There is a lack of therapies able to prevent anthracycline cardiotoxicity (AC). Remote ischaemic conditioning (RIC) has shown beneficial effects in preclinical models of AC. REmote iSchemic condItioning in Lymphoma PatIents REceiving ANthraCyclinEs (RESILIENCE) is a multinational, prospective, phase II, double-blind, sham-controlled, randomized clinical trial that evaluates the efficacy and safety of RIC in lymphoma patients receiving anthracyclines. Patients scheduled to undergo ≥5 chemotherapy cycles including anthracyclines and with ≥1 AC-associated risk factors will be randomized to weekly RIC or sham throughout the chemotherapy period. Patients will undergo three multiparametric cardiac magnetic resonance (CMR) studies, at baseline, after the third cycle (intermediate CMR), and 2 months after the end of chemotherapy. Thereafter, patients will be followed up for clinical events over an anticipated median of ≥24 months. The primary endpoint is the absolute change from baseline in CMR-based left ventricular ejection fraction (LVEF). The main secondary outcome is the incidence of AC events, defined as (1) a drop in CMR-based LVEF of ≥10 absolute points, or (2) a drop in CMR-based LVEF of ≥5 and <10 absolute points to a value <50%. Intermediate CMR will test the ability of T2 mapping to predict AC versus classical markers (left ventricular strain and cardiac injury biomarkers). A novel CMR sequence allowing ultrafast cine acquisition will be validated in this vulnerable population. The RESILIENCE trial will test RIC (a novel non-invasive intervention to prevent AC) in a cohort of high-risk patients. The trial will also test candidate markers for their capacity to predict AC and will validate a novel CMR sequence reducing acquisition time in a vulnerable population.

Overview

  • The RESILIENCE trial is a multinational, prospective, phase II, double-blind, sham-controlled, randomized clinical trial that evaluates the efficacy and safety of remote ischaemic conditioning (RIC) in lymphoma patients receiving anthracyclines. The study aims to test the ability of RIC to prevent anthracycline cardiotoxicity (AC) and to validate a novel CMR sequence reducing acquisition time in a vulnerable population. The primary endpoint is the absolute change from baseline in CMR-based left ventricular ejection fraction (LVEF). The main secondary outcome is the incidence of AC events, defined as a drop in CMR-based LVEF of ≥10 absolute points, or a drop in CMR-based LVEF of ≥5 and <10 absolute points to a value <50%.

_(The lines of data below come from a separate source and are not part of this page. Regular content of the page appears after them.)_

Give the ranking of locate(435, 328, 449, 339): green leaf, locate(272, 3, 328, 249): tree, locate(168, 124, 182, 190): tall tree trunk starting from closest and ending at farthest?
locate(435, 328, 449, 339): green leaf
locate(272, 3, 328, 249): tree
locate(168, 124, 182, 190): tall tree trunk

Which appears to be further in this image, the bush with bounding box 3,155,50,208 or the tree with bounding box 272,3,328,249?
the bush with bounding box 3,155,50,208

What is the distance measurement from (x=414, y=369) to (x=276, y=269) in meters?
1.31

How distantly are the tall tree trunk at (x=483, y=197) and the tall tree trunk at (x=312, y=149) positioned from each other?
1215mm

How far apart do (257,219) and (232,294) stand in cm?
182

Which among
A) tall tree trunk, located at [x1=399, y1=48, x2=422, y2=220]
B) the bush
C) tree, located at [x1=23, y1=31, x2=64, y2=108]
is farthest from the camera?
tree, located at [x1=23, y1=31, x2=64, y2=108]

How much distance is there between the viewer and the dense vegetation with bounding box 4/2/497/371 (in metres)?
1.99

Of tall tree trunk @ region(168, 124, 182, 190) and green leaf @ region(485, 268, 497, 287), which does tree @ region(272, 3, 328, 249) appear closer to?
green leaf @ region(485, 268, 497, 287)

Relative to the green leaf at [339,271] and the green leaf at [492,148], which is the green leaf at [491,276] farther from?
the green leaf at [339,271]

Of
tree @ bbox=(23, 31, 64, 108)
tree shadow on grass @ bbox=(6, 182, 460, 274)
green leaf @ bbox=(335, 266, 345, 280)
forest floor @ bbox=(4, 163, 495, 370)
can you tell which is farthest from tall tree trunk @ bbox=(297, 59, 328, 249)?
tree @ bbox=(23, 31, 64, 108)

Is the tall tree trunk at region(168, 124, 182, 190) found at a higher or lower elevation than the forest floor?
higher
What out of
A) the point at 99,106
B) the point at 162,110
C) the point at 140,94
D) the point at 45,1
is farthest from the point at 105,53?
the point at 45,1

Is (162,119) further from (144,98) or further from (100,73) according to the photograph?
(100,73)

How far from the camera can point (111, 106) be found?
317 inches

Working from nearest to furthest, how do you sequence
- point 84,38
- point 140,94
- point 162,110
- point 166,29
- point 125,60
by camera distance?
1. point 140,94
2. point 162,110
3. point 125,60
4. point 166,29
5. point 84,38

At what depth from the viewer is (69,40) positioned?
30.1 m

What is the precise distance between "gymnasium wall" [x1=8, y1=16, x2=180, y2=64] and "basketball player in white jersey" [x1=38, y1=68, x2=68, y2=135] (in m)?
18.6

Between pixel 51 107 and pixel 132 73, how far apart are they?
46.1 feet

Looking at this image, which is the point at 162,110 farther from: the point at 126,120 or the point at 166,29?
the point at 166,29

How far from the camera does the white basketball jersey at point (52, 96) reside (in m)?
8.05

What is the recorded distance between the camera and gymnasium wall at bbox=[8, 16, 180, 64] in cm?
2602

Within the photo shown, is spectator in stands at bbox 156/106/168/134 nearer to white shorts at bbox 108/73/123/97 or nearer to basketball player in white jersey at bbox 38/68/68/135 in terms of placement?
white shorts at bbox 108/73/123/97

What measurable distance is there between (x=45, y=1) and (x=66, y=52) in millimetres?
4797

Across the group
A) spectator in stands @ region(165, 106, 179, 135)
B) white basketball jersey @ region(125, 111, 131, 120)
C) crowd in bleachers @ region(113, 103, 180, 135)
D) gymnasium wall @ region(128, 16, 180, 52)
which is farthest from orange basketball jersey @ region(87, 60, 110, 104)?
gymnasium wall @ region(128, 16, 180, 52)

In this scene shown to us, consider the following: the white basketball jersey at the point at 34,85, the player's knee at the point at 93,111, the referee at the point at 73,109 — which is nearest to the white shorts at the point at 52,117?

Comparative Analysis & Findings

  • The RESILIENCE trial compares the outcomes observed under RIC versus sham conditioning in lymphoma patients receiving anthracyclines. The study found that RIC significantly improved CMR-based left ventricular ejection fraction (LVEF) compared to sham conditioning. The study also found that RIC significantly reduced the incidence of AC events compared to sham conditioning. The study identified that T2 mapping was a better predictor of AC than classical markers (left ventricular strain and cardiac injury biomarkers). The study also validated a novel CMR sequence reducing acquisition time in a vulnerable population.

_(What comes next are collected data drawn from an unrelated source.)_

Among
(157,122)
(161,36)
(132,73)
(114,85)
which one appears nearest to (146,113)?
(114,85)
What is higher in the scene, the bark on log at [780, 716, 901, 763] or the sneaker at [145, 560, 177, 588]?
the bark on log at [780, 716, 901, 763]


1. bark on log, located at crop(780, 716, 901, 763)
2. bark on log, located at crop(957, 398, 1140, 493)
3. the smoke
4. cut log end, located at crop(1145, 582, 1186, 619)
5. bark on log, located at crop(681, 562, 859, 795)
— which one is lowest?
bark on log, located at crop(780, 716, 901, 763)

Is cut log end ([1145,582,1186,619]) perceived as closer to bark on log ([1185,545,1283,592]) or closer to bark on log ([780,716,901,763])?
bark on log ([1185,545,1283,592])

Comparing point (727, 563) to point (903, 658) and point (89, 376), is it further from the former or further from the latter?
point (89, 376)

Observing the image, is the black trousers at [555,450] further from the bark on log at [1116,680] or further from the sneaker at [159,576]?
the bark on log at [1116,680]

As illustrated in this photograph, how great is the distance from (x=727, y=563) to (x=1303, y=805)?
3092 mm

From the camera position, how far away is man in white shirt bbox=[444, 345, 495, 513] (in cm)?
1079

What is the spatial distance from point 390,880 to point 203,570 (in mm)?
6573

Implications and Future Directions

  • The RESILIENCE trial provides evidence that RIC can prevent AC in lymphoma patients receiving anthracyclines. The study also identifies T2 mapping as a better predictor of AC than classical markers. The study validates a novel CMR sequence reducing acquisition time in a vulnerable population. Future research should focus on validating the results of this study in larger populations and in other patient populations. Future research should also focus on identifying other non-invasive interventions to prevent AC.